Business finance is complex, and like so many things, most people have all sorts of misunderstandings and lack of understanding that leads to harmful conclusions (not saying this is the case with you -- it's a general statement).
The part you left out involves sunk costs. You touch on it above, but don't properly position it w.r.t. present cash flow accounting.
Put simply, the costs of development -- in the billions -- is already spent, hence the term, "sunk cost". In a free market, these costs are amortized (spread out) over the anticipated life of the product. In the case of pharmaceuticals, that's usually the patent exclusivity period, but not always.
So, all that said, it also is true that the cost to actually manufacture something like humalog is exceedingly cheap. A 10ml vial probably costs less than a dollar to manufacture, package, and distribute.
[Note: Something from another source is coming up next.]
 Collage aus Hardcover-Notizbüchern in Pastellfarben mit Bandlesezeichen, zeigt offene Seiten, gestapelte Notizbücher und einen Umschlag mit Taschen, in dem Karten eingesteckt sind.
As such, the manufacturer can make a profit on the stuff, in terms of cash flow, at very low prices. However, they can't make the drug profitable overall for the life of the drug without recovering the development costs.
As such, it makes sense to enter into agreements with health care system's like Canada's, the UK, etc., even at these low prices, because it adds to the overall profit picture.
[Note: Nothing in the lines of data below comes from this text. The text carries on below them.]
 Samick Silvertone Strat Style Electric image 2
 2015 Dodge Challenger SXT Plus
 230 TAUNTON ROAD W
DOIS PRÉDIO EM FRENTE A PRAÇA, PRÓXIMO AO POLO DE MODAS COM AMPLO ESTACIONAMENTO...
However, if the worldwide pharmaceutical industry did not have the US market -- and population -- to subsidize the development of these treatments, they simply would not be developed.
The only target of my irritation in all this are fellow PWDs outside the US who rail against the industry for high prices, while their costs are miniscule, and fail to appreciate that for most of the advances in our care over the last 30 years, they have their fellow PWDs in the US who are paying through the nose to develop these treatments.
I favor getting US prices more rational by demanding that the rest of the world suck it up and share in the development costs. Then a vial of Humalog will be $70 for all of us, instead of $200 for Americans, and $30 for the rest of the world.